[llvm-dev] [RFC] Make LoopVectorize Aware of SLP Operations
Florian Hahn via llvm-dev
llvm-dev at lists.llvm.org
Tue Feb 6 10:25:20 PST 2018
Hello,
We would like to propose making LoopVectorize aware of SLP operations,
to improve the generated code for loops operating on struct fields or
doing complex math.
At the moment, LoopVectorize uses interleaving to vectorize loops that
operate on values loaded/stored from consecutive addresses: vector
loads/stores are generated to combine consecutive loads/stores and then
shufflevector is used to de-interleave/interleave the loaded/stored
values. At the moment however, we fail to detect cases where the same
operations are applied to all consecutive values and there is no need to
interleave.
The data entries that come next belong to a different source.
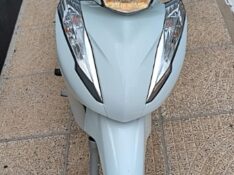 HONDA MOTOS BIZ 110I BRANCA 2023/2023 ADRIANO VEÍCULOS CRUZEIRO DO SUL / Carros no Vale
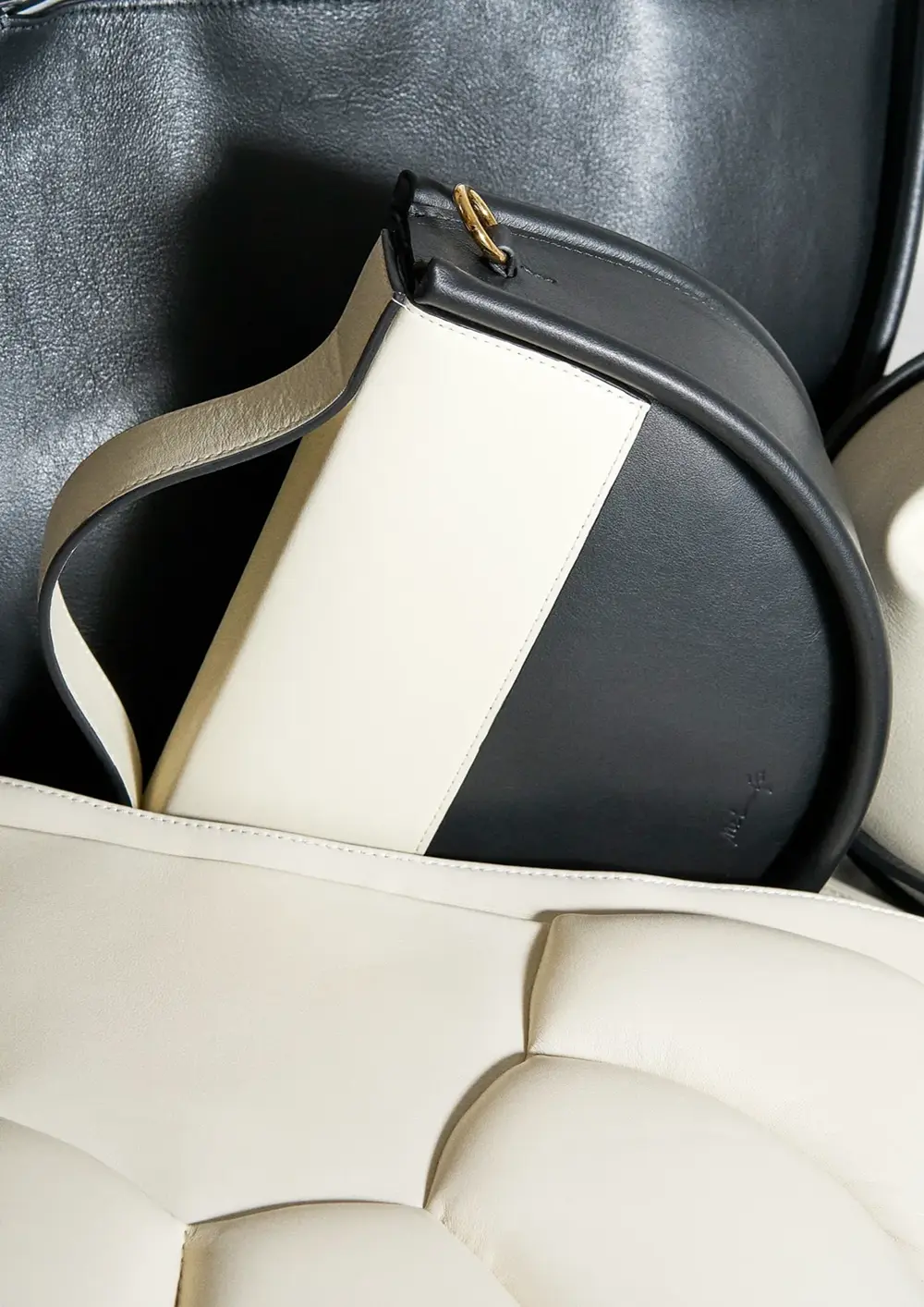 Catalogue page featuring a detailed close-up of the full Melip bag lineup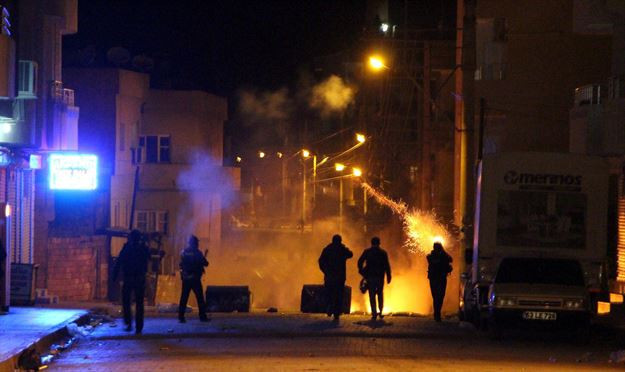 Nusaybin'de meşaleli gergin gece - Resim: 2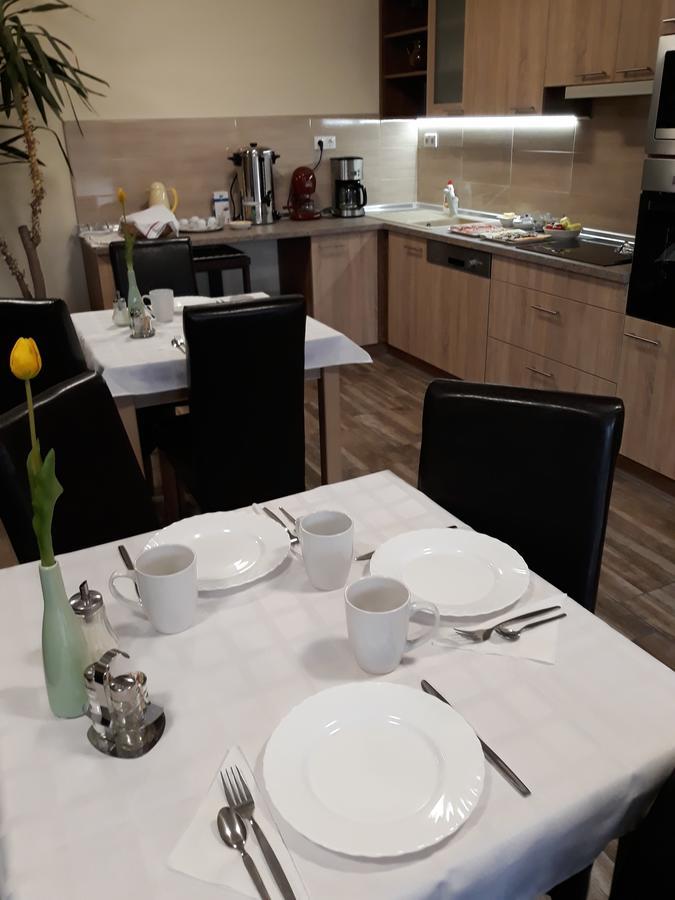 Csipkehaz Apartman Cserkeszőlő Zewnętrze zdjęcie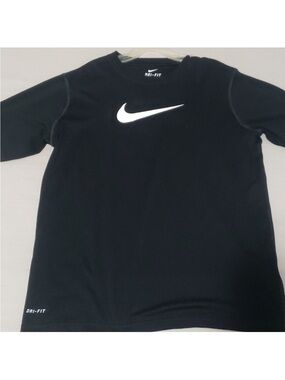Assorted youth /young men t shirts assorted brands size medium (Nike, vans)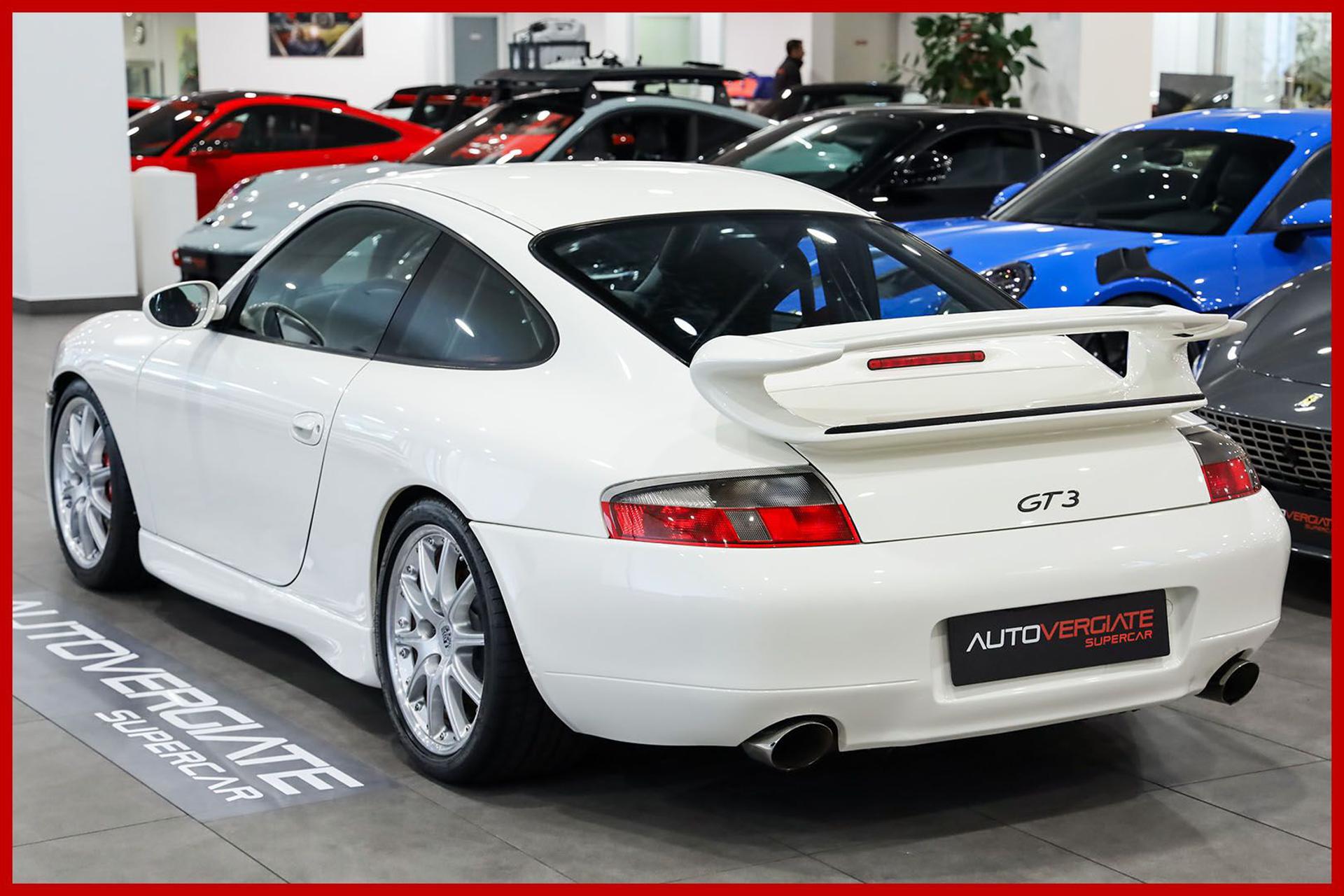 PORSCHE 996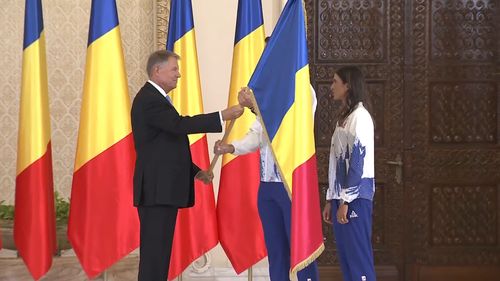 Preşedintele Iohannis a înmânat echipei olimpice drapelul României. Unei sportive i s-a făcut rău în timpul ceremoniei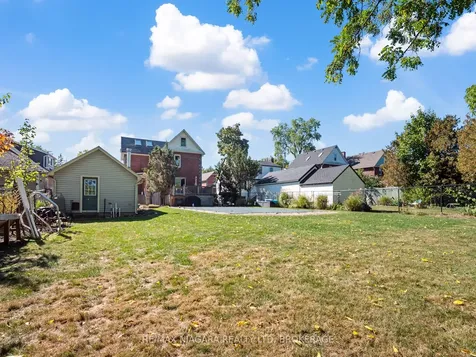 18 Emerick Avenue Fort Erie ON L2A 2W3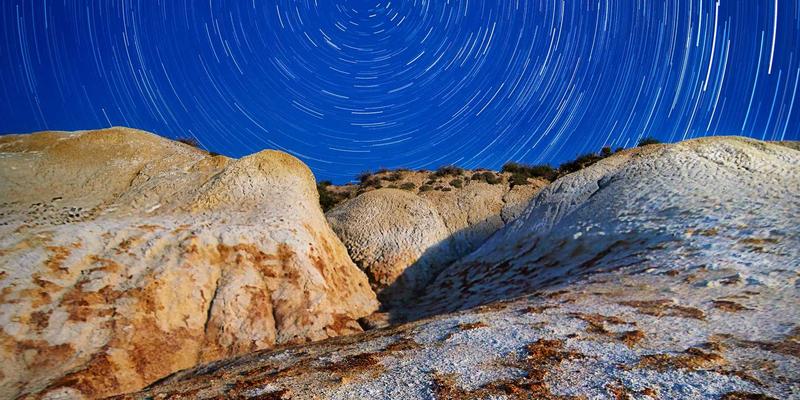 在家的原木餐桌上，复刻法式甜点美学：一份献给精致生活的浪漫教程
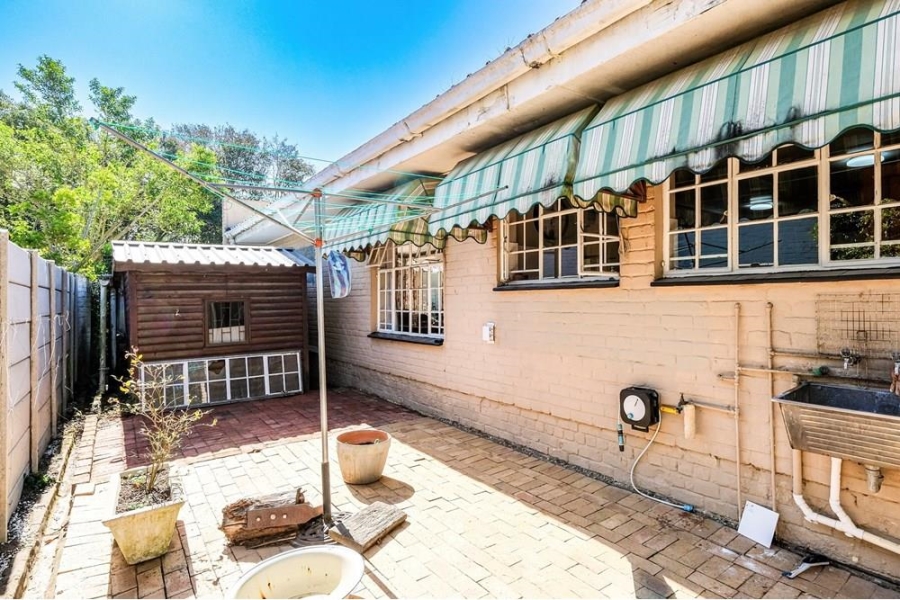 4 Bedroom Property for Sale in Glen Barrie Western Cape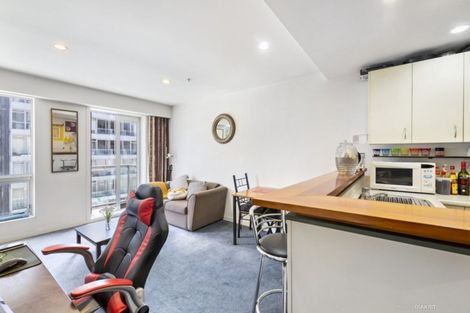 Photo of property in Terrace Heights Apartments, 5b/163 The Terrace, Wellington Central, Wellington, 6011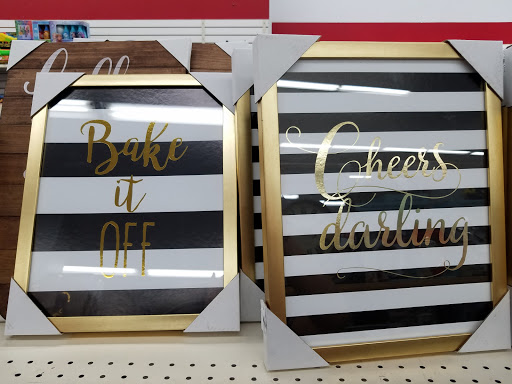 Discount Store «Fallas Paredes Discount Stores», reviews and photos, 4400 Fredericksburg Rd #105, San Antonio, TX 78201, USA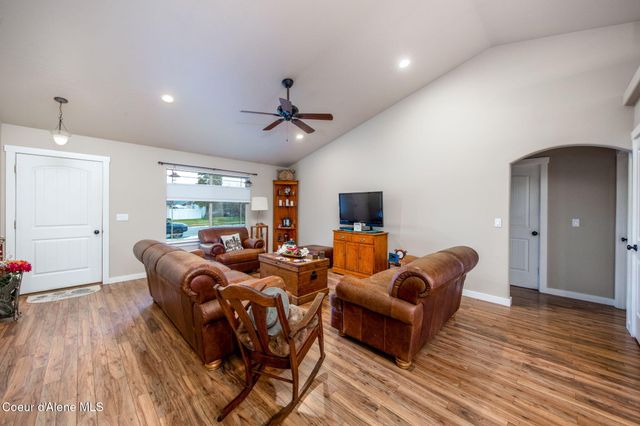 14743 N Nixon LOOP, Rathdrum, ID 83858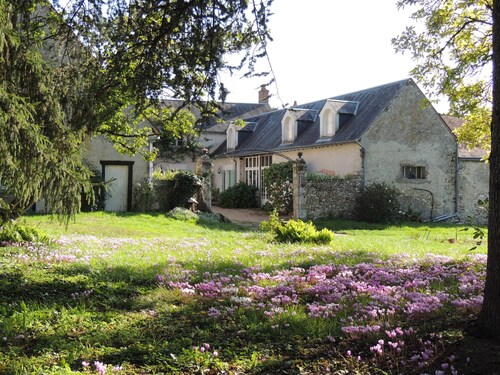 LA CLOSERIE DU PRIEURE GRANDE MAISON IN THE HEART OF THE LOIRE CASTLES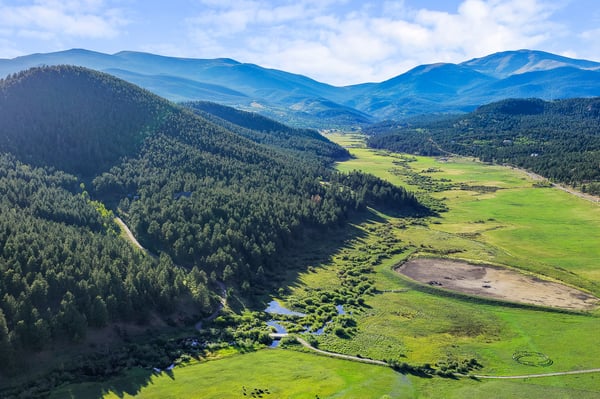 Expansive mountain views and lush landscapes create a picturesque setting for outdoor enthusiasts and nature lovers.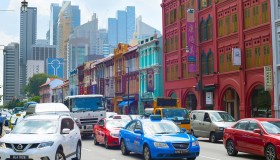 Puoi salire a bordo di un Taxi e scoprire Singapore. Da casa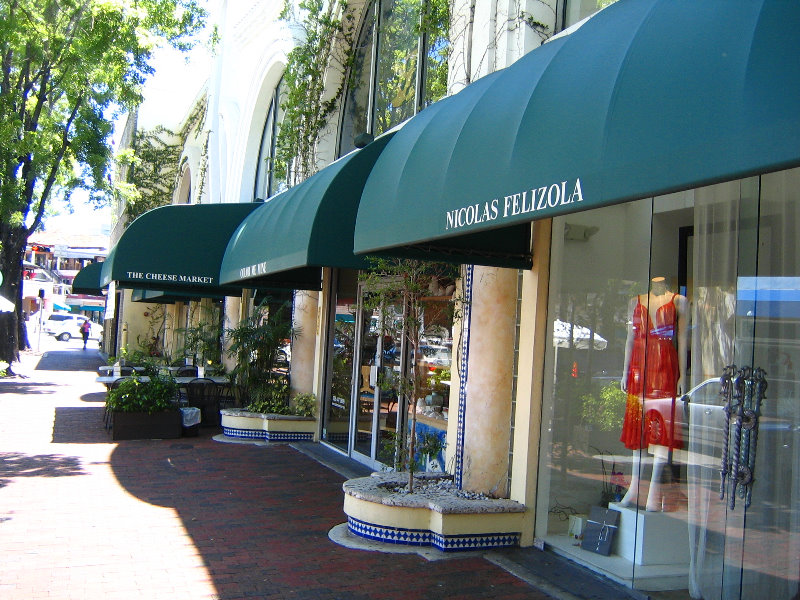 CocoWalk-Coconut-Grove-Miami-FL-009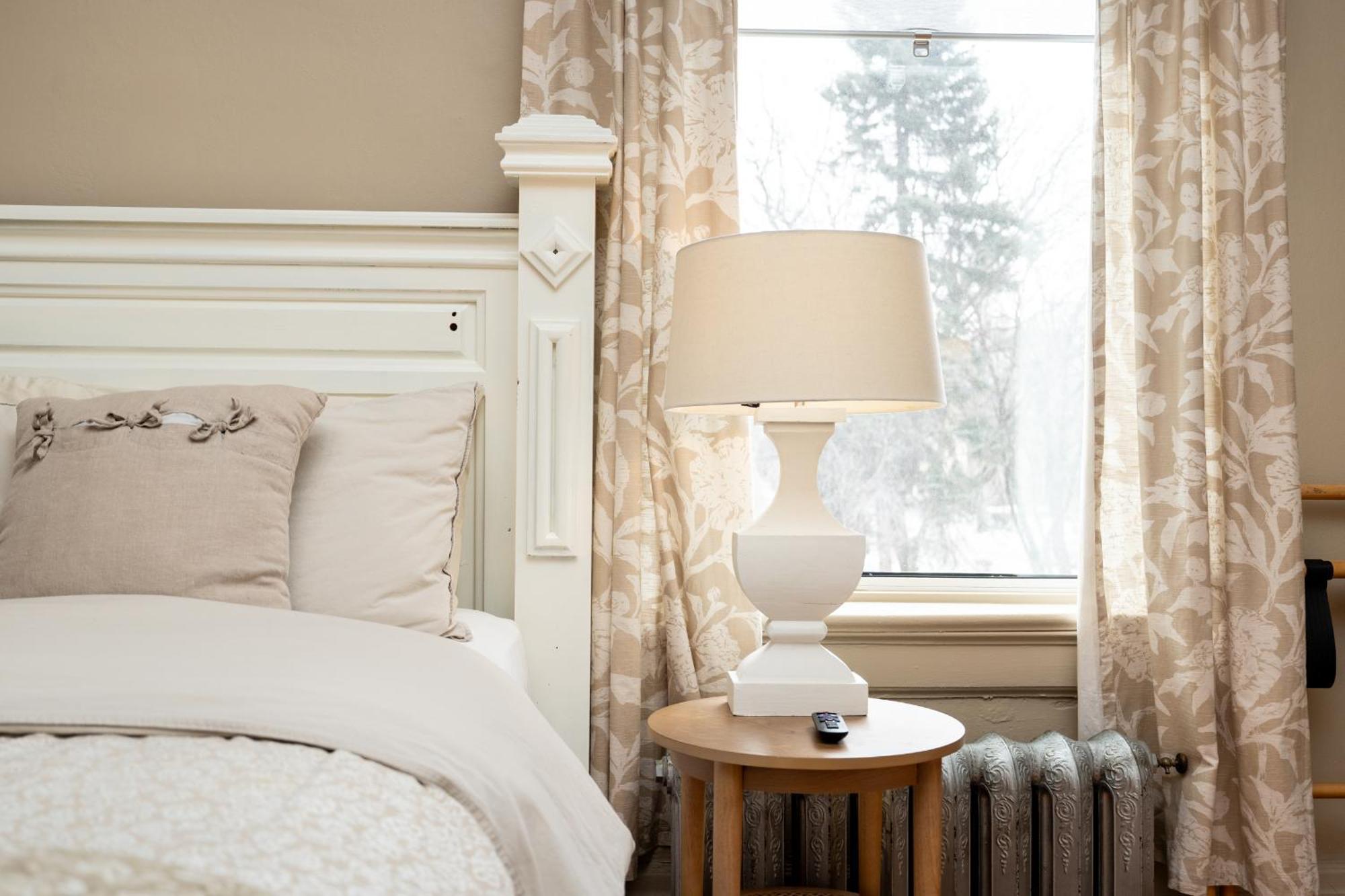 No. 5 East Bed & Breakfast วินนิเพก ภายนอก รูปภาพ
To illustrate this, consider the following example loop:
struct Test {
int x;
int y;
};
void add(struct Test *A, struct Test *B, struct Test *C) {
for (unsigned i = 0; i < 1024; i++) {
C[i].x = A[i].x + B[i].y;
C[i].y = A[i].y + B[i].y;
}
}
On X86, we do not vectorize this loop and on AArch64, we generate the
following code for the vector body:
vector.body:
%index = phi i64 [ %index.next, %vector.body ], [ 0,
%vector.body.preheader ]
%8 = or i64 %index, 4
%9 = getelementptr inbounds %struct.Test, %struct.Test* %A,
i64 %index, i32 0
%10 = getelementptr inbounds %struct.Test, %struct.Test* %A, i64 %8,
i32 0
%11 = bitcast i32* %9 to <8 x i32>*
%12 = bitcast i32* %10 to <8 x i32>*
%wide.vec = load <8 x i32>, <8 x i32>* %11, align 4, !tbaa !2
%wide.vec60 = load <8 x i32>, <8 x i32>* %12, align 4, !tbaa !2
%13 = getelementptr inbounds %struct.Test, %struct.Test* %B,
i64 %index, i32 0
%14 = getelementptr inbounds %struct.Test, %struct.Test* %B, i64 %8,
i32 0
%15 = bitcast i32* %13 to <8 x i32>*
%16 = bitcast i32* %14 to <8 x i32>*
%wide.vec64 = load <8 x i32>, <8 x i32>* %15, align 4, !tbaa !2
%wide.vec65 = load <8 x i32>, <8 x i32>* %16, align 4, !tbaa !2
%17 = add nsw <8 x i32> %wide.vec64, %wide.vec
%18 = shufflevector <8 x i32> %17, <8 x i32> undef, <4 x i32>
<i32 0, i32 2, i32 4, i32 6>
%19 = add nsw <8 x i32> %wide.vec65, %wide.vec60
%20 = shufflevector <8 x i32> %19, <8 x i32> undef, <4 x i32>
<i32 0, i32 2, i32 4, i32 6>
%21 = add nsw <8 x i32> %wide.vec64, %wide.vec
%22 = shufflevector <8 x i32> %21, <8 x i32> undef, <4 x i32>
<i32 1, i32 3, i32 5, i32 7>
%23 = add nsw <8 x i32> %wide.vec65, %wide.vec60
%24 = shufflevector <8 x i32> %23, <8 x i32> undef, <4 x i32>
<i32 1, i32 3, i32 5, i32 7>
%25 = getelementptr inbounds %struct.Test, %struct.Test* %C,
i64 %index, i32 1
%26 = getelementptr inbounds %struct.Test, %struct.Test* %C, i64 %8,
i32 1
%27 = getelementptr i32, i32* %25, i64 -1
%28 = bitcast i32* %27 to <8 x i32>*
%29 = getelementptr i32, i32* %26, i64 -1
%30 = bitcast i32* %29 to <8 x i32>*
%interleaved.vec = shufflevector <4 x i32> %18, <4 x i32> %22,
<8 x i32> <i32 0, i32 4, i32 1, i32 5, i32 2, i32 6, i32 3, i32 7>
store <8 x i32> %interleaved.vec, <8 x i32>* %28, align 4, !tbaa !2
%interleaved.vec70 = shufflevector <4 x i32> %20, <4 x i32> %24,
<8 x i32> <i32 0, i32 4, i32 1, i32 5, i32 2, i32 6, i32 3, i32 7>
store <8 x i32> %interleaved.vec70, <8 x i32>* %30, align 4, !tbaa !2
%index.next = add i64 %index, 8
%31 = icmp eq i64 %index.next, 1024
br i1 %31, label %for.cond.cleanup, label %vector.body, !llvm.loop !6
Note the use of shufflevector to interleave and deinterleave the vector
elements. On AArch64, we emit additional uzp1, uzp2 and st2 instructions
for those.
In the case above however, there is no need to de-interleave the
loaded/stored data and instead we could mix the consecutive operands
together in a single vector register and apply the operations to vectors
with compounded operands. As for real-world use cases, complex number
arithmetic for example could also benefit from not interleaving.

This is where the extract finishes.